O caso da família Melo não é inédito no país. No Paraná, em 2004, a partir de um documentário da série de televisão National Geographic sobre combustíveis alternativos, mais o auxílio de um professor universitário e muita insistência, o autônomo João Cláudio Plath, de 44 anos, chegou à fórmula pouco usual de um novo combustível, feito à base de gordura de frango.

Além do componente animal, são acrescidos mais metanol, álcool e soda. “Mas o principal da fórmula é a gordura de frango. O restante é apenas para dar a reação”, explicou. O combustível alternativo criado por Plath não é nada “de outro mundo”. Ele informou que existem vários similares feitos com gorduras animais e vegetal, tais, como, por exemplo, o girassol.

Estudante de Ciências Biológicas, Plath começou a investigar a fórmula por quatro meses. Para isso, contou com a ajuda do professor Edmilson Canesin. Desde então, trabalha no aperfeiçoamento da idéia. A intenção é retirar da composição o metanol, que representa a maior parte do custo. O combustível movido à gordura de frango foi testado com sucesso em um Jipe e também em uma Saveiro. E as diferenças? “A principal é o cheiro de fritura”, disse.
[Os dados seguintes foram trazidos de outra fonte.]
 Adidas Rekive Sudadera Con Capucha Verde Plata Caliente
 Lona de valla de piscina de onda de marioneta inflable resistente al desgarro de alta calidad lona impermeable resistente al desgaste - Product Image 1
O litro do biocombustível de Plath fica 100% mais barato do que o diesel, por exemplo. Ele observou que o rendimento do veículo é “igual”, fazendo a mesma quilometragem do que o diesel ou a gasolina. O autônomo contou que ganha a gordura de um supermercado.

O material sobra quando os frangos são assados. A gordura é batida na máquina de lavar roupa e colocada ao sol para “decantar”. “E a poluição é zero”, lembrou. Plath defendeu o biocombustível, considerando-o interessante para tornar o País “auto-suficiente” nesse segmento.